To get connected, find West Morgan Park Civic Association on Facebook.
East Beverly Association
East Beverly Association (EBA) co-chairs Marcie Daly and Heather Wills seek to reboot the once active association serving 99th to 107th streets and Longwood to Vincennes.
“Our priority is to build a foundation by connecting with our neighbors and getting to know one another,” Wills said. “We plan on having a neighborhood launch party in August and from there we hope to develop goals and plans for EBA.” There are no fees for membership to the EBA, just a requirement to live within the boundaries.
Wills and Daly feel it’s important to connect the neighbors within their boundaries to strengthen the community. “Many of us on the east side do not know one another; we all have busy lives, our kids go to different schools, we are new to Beverly or are longtime residents with new neighbors,” Wills said. “We want to create an opportunity for our neighbors; we know there are some incredible people who live on these blocks and imagine what we can all accomplish together.”
To get involved with EBA, attend the East Beverly Association Kickoff on Sat., Aug. 5 at 4 p.m. Email Marcie Daly at MarcieBujack@yahoo.com for more information.
Southwest Beverly Improvement Association
Alec Shelty is the new Chairperson of the Southwest Beverly Improvement Association (SWBIA) and is excited to reinvigorate the group. Membership boundaries are 103rd to 107th and Western to the Metra tracks. Shelty is relatively new to the neighborhood and was looking for ways to get involved. When he found out about the need to restart SWBIA, he was eager to step up.
As Shelty and the team organizes, he aims to encourage neighbors to use SWBIA as a sounding board. “We want people to come to us with concerns or ideas to improve the area,” he said. “I’m excited to find some things that people around here would like to be involved in and do, particularly around beautification and neighborhood events.”
Many BAPA events run through SWBIA’s boundaries, like the Ridge Run and Bikes and Brews. “We want our association involved in those events and we want our neighbors to get out there and enjoy them,” Shelty said. “We want people to get involved and get excited to contribute to the community.”

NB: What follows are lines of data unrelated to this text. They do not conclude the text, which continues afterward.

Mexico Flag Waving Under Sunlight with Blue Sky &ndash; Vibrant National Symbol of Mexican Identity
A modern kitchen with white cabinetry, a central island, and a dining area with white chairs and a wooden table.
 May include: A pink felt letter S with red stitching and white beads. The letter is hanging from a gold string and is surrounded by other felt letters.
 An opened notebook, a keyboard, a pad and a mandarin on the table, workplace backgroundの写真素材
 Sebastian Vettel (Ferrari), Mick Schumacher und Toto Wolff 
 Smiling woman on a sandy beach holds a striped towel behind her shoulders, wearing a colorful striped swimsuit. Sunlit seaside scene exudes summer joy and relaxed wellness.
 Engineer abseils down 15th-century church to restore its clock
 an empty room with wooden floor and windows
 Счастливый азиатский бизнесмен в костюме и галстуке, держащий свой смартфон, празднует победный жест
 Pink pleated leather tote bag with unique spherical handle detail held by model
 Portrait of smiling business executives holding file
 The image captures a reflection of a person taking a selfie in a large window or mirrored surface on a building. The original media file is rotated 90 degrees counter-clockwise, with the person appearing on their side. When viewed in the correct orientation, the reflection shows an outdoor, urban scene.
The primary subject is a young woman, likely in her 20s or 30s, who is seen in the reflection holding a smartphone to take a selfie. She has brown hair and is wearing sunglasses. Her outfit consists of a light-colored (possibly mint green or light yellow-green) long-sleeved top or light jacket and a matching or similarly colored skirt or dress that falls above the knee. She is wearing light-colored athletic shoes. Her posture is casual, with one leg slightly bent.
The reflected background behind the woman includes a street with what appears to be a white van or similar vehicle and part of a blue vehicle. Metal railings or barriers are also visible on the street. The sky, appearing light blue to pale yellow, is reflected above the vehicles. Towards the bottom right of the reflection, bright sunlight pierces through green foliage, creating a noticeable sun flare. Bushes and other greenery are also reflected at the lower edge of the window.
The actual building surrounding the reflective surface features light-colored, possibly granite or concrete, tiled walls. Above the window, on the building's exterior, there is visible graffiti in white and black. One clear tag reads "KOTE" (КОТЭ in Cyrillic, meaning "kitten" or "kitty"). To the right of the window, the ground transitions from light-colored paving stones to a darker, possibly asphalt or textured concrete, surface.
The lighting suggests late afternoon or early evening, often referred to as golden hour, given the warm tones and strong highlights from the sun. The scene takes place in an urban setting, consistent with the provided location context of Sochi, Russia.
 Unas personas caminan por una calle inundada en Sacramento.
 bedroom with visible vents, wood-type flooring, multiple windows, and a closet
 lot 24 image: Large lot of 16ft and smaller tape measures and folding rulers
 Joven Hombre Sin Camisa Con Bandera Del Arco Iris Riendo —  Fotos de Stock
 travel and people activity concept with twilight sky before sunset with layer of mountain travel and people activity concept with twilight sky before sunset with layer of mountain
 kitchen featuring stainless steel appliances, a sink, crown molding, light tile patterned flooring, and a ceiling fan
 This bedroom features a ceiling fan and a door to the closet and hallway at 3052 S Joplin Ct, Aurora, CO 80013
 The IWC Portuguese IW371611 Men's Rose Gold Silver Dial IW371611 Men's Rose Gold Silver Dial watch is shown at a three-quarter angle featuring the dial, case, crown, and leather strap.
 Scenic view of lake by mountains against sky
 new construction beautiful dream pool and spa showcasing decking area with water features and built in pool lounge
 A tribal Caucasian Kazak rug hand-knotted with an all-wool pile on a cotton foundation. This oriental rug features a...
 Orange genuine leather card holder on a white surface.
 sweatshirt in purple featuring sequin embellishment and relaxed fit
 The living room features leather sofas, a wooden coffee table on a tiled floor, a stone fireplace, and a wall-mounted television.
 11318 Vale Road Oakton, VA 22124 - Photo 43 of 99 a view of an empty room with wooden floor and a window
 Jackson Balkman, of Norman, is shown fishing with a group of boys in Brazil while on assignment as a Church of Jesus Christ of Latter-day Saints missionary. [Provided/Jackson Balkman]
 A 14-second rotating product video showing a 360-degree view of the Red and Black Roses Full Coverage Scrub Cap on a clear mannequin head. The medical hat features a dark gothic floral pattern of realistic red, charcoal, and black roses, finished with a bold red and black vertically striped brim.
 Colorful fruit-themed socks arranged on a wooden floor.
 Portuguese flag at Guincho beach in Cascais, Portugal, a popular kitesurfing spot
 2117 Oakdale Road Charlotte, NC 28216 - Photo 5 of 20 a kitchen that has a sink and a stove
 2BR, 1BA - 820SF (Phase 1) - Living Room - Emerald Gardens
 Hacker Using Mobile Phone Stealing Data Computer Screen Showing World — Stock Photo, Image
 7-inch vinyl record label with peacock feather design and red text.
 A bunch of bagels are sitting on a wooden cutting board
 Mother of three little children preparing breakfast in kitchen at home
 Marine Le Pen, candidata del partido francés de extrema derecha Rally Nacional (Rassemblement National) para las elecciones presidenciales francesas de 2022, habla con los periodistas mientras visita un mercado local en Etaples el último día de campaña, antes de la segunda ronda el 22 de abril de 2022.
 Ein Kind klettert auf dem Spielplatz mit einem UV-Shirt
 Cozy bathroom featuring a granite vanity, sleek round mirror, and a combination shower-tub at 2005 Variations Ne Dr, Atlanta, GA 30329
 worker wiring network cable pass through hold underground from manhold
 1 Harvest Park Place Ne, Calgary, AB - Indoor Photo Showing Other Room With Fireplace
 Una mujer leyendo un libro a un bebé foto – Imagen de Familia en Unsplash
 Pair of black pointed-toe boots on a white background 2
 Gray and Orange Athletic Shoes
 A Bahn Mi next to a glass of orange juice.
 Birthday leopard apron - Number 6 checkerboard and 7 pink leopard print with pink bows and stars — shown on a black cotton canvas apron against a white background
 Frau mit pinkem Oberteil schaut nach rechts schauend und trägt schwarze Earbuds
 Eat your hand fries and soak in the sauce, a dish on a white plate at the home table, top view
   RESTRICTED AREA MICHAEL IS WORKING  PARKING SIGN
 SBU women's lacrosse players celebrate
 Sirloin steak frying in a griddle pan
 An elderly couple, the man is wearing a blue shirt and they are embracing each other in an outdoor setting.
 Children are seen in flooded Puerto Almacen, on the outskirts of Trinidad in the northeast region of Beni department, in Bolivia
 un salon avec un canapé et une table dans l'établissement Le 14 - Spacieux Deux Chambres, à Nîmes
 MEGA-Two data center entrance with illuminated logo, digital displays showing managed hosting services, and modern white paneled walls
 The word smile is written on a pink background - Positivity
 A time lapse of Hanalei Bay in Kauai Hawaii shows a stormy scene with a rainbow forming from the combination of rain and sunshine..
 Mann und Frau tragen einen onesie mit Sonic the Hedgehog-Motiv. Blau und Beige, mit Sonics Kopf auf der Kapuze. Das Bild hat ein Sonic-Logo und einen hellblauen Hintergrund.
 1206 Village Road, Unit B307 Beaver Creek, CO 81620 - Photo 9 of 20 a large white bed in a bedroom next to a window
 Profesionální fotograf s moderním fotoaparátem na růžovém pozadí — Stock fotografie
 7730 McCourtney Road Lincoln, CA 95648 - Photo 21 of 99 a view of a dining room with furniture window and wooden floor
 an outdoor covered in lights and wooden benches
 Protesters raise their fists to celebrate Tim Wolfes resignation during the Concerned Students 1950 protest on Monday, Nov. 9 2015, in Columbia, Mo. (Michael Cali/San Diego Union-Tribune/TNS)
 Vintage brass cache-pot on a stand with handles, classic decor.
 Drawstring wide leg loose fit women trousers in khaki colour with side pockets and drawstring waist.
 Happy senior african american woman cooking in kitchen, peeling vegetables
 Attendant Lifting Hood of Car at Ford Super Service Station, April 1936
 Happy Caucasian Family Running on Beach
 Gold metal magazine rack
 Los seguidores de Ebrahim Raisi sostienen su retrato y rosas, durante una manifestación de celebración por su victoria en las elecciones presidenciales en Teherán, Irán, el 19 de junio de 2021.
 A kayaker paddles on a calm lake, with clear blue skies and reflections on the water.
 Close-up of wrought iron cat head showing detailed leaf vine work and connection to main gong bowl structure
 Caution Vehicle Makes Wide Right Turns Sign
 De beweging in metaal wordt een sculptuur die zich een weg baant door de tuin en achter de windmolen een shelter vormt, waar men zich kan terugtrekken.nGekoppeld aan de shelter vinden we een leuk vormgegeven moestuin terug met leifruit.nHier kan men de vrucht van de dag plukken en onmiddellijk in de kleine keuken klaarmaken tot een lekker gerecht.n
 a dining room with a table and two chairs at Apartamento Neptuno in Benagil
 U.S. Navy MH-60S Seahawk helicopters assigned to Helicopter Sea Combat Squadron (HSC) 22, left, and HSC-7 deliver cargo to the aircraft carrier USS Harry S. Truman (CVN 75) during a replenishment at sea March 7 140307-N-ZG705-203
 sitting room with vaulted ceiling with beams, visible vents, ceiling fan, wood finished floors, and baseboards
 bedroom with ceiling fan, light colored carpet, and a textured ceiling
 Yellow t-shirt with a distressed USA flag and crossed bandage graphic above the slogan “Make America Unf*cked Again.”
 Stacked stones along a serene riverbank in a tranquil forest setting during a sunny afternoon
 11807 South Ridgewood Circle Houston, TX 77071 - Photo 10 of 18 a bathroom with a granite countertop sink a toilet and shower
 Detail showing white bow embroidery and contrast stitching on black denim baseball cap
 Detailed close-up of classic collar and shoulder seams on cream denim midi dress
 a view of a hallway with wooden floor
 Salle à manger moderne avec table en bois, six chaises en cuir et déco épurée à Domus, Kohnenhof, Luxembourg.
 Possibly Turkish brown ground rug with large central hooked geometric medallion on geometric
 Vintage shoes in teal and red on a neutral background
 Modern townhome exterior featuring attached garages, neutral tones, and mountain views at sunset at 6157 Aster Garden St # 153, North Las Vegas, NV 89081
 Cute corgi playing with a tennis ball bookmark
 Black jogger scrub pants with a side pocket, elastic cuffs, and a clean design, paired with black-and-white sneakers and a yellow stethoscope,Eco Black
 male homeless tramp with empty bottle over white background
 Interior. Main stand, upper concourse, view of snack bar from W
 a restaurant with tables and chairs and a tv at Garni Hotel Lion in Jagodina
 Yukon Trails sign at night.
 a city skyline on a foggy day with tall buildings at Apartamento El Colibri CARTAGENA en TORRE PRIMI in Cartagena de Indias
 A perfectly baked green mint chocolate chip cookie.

Shelty believes strongly in the power of civic associations. “They’re small and localized enough that civic associations can address some issues that might get overlooked by bigger associations. We’re able to serve in a specialized way,” he said. “All of this runs on people being involved, whether it’s volunteering time or simply coming to events and supporting the community with financial donations.”